I've been trying to reproduce this problem with your latest spreadsheet, but so far I've not been able to I'm afraid :(

I tried modifying your sheet so that the calculations were chained, as before, but that worked fine for me too. To try and make it fail I did a lot of clicking around and modifying cells (including the input cell A6) while it was still calculating, but I couldn't make it crash or freeze.

I've attached my worksheet and the function used, but neither this nor your original sheet failed for me :(

I wonder if it's something that's been fixed in an update to Excel, and I'm using a more recent version? I've been testing using Excel 2016 version 1609, build 7369.2120. You can check your version under 'product information' on the right hand side of the account screen in Excel. If your version is older, try getting the latest version and see if that makes any difference.

Best regards,
Tony


32
Ok thanks - I will continue to investigate

33
Hi Alfredo,

hmm that's odd, the following code worked for me:

Code: [Select]
@xl_func(macro=True)
def automation_example(rows, cols, value):
    """copies value to a range of rows x cols below the calling cell"""
    # get the address of the calling cell using xlfCaller
    caller = pyxll.xlfCaller()
    address = caller.address

    # the update is done asynchronously so as not to block some
    # versions of Excel by updating the worksheet from a worksheet function
    def update_func():
        xl = xl_app()

        from win32com.client import constants
        if xl.CalculationState != constants.xlDone:
            print("Still calculating...")
            return

        range = xl.Range(address)

        # get the cell below and expand it to rows x cols
        range = xl.Range(range.Resize(2, 1), range.Resize(rows+1, cols))

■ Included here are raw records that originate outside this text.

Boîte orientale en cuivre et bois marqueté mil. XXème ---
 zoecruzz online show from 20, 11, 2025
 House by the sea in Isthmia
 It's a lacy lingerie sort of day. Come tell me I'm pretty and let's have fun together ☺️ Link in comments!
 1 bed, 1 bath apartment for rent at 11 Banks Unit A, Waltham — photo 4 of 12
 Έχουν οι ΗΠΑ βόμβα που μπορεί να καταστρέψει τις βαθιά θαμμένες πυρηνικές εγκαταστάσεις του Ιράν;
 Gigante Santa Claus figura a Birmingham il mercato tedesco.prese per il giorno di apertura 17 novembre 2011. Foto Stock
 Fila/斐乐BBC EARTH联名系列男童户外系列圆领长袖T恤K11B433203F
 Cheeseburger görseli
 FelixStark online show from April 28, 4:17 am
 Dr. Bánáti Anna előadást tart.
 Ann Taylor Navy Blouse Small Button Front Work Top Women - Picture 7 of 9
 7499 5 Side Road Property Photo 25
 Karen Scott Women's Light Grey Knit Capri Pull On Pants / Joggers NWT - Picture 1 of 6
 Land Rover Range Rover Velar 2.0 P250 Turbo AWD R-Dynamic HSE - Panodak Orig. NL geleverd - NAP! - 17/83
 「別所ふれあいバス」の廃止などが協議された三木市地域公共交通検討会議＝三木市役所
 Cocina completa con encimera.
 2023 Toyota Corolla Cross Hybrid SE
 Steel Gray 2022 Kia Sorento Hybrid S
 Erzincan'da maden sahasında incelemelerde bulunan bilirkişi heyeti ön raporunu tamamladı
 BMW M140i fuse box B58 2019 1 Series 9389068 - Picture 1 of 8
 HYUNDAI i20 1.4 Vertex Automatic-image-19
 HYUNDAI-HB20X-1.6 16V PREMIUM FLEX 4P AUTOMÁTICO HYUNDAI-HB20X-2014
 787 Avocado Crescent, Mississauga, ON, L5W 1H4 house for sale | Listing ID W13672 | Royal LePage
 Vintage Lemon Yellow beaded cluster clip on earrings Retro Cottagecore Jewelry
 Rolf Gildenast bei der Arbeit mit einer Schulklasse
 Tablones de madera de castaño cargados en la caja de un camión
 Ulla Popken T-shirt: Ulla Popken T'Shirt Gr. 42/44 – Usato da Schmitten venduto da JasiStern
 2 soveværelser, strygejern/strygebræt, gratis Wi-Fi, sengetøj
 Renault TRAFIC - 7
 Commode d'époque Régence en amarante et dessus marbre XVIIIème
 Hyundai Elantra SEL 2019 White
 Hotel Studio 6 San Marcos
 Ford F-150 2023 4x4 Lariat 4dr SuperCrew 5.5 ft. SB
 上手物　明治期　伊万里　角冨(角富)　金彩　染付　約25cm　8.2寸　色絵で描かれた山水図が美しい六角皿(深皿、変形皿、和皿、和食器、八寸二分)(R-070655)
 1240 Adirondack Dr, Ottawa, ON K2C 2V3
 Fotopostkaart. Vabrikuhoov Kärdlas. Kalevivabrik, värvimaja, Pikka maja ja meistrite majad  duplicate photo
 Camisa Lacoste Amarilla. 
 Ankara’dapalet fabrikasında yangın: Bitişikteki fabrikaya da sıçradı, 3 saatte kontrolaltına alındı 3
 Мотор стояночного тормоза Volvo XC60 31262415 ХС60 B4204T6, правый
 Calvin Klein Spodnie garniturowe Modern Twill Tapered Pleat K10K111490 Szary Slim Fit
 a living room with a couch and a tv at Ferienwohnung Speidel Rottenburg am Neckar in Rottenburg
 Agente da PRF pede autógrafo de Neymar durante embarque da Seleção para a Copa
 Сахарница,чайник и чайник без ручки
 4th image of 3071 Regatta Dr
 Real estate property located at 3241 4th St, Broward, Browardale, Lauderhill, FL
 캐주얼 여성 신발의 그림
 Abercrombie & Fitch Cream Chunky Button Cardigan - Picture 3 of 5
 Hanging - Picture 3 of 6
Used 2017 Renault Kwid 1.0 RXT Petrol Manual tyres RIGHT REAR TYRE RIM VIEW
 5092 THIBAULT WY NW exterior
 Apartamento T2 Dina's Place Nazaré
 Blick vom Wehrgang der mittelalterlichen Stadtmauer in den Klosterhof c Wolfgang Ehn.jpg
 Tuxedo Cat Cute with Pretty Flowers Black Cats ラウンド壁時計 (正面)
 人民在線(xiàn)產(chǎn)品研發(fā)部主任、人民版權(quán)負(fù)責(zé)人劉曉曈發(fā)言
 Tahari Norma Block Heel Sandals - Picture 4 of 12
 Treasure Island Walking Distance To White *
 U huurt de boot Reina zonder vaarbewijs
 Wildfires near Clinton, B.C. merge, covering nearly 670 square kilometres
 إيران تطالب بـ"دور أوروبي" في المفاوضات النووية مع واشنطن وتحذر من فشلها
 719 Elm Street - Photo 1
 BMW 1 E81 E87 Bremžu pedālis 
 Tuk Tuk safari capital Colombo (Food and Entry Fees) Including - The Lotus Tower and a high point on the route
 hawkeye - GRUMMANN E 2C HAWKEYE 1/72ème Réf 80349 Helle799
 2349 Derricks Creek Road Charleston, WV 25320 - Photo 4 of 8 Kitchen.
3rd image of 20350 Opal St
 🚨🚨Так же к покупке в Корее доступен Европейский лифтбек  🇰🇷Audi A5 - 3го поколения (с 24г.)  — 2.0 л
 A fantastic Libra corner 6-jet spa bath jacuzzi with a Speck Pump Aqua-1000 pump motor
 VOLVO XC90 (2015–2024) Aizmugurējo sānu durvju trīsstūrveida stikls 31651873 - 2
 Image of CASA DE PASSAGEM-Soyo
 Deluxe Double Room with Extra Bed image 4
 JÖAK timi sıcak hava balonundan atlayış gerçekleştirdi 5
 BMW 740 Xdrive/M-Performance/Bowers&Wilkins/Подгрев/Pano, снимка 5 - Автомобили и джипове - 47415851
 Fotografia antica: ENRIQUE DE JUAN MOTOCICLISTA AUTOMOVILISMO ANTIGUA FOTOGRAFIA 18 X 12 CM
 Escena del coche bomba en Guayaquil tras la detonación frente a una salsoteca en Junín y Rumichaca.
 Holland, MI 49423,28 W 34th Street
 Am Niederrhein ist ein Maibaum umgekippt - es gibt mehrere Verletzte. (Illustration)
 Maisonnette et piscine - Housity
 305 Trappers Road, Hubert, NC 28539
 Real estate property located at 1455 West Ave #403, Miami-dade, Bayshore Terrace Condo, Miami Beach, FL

        # and set the range's value
        range.Value = value

    # kick off the asynchronous call the update function
    pyxll.async_call(update_func)

    return address

Is that the same as what you were trying?

thanks,
Tony

34
Hi Alfredo,

I think the problem is that the callback is being called while Excel is still calculating... I'll see if I can put something into async_call to defer calling the callback until the calculation is fully complete, and I think that will fix it.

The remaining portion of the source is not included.